• [PROBLEM REQUIREMENTS]:
Reproduce the whole of the records exactly, and make sure no picture is carried into the result.

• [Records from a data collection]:
+ + +

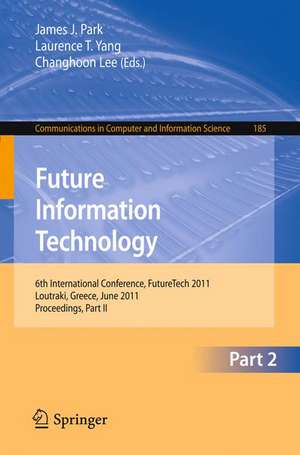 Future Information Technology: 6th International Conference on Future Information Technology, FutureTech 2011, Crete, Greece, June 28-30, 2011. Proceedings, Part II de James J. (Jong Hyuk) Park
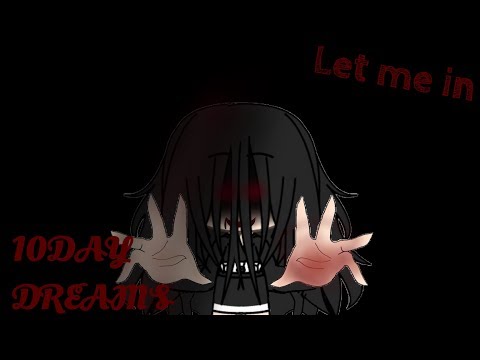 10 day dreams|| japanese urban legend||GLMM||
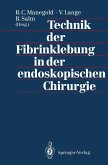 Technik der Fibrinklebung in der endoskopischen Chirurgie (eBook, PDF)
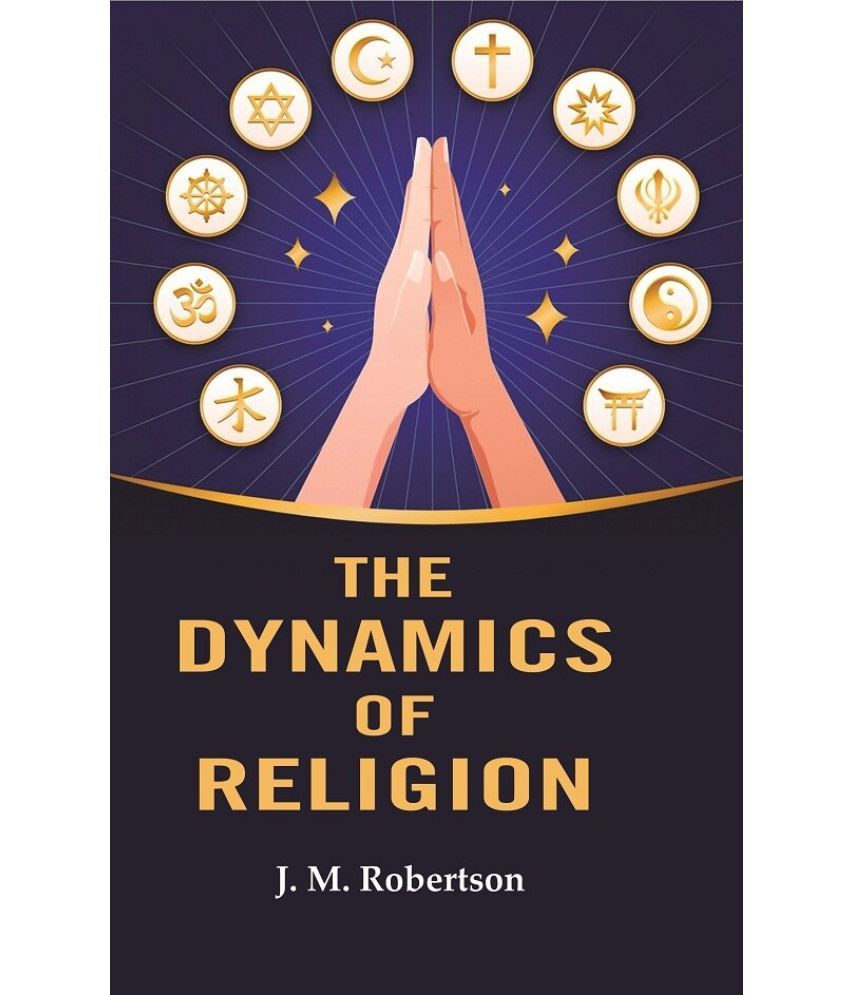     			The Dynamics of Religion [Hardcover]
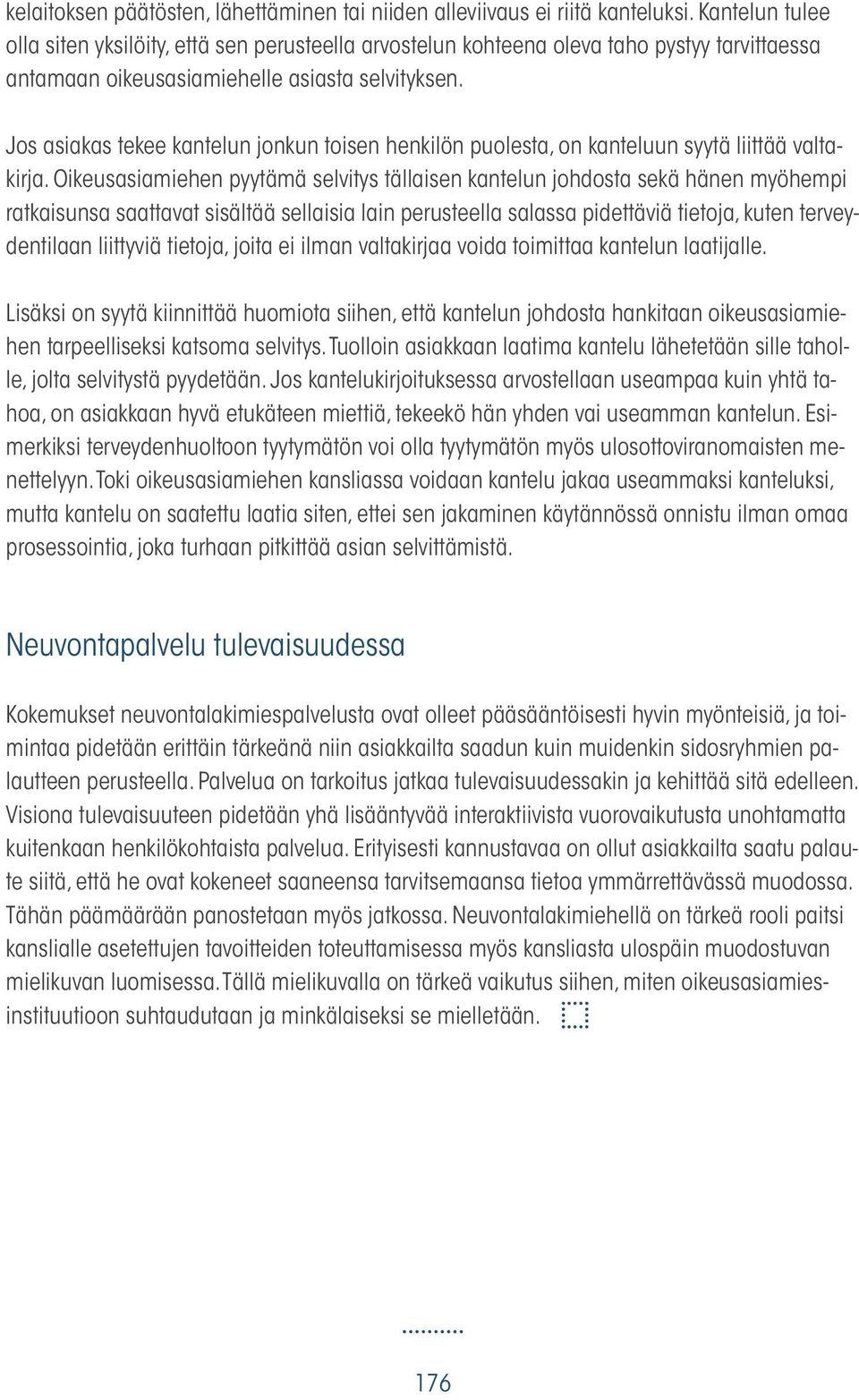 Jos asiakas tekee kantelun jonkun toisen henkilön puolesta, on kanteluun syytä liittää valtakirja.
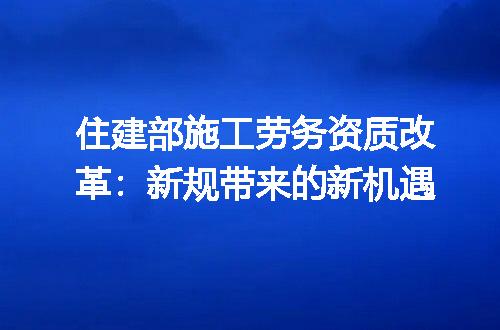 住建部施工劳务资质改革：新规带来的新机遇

+ + +

• [TASK RESULT]:
 Future Information Technology: 6th International Conference on Future Information Technology, FutureTech 2011, Crete, Greece, June 28-30, 2011. Proceedings, Part II de James J. (Jong Hyuk) Park
 10 day dreams|| japanese urban legend||GLMM||
 Technik der Fibrinklebung in der endoskopischen Chirurgie (eBook, PDF)
     			The Dynamics of Religion [Hardcover]
 Jos asiakas tekee kantelun jonkun toisen henkilön puolesta, on kanteluun syytä liittää valtakirja.
 住建部施工劳务资质改革：新规带来的新机遇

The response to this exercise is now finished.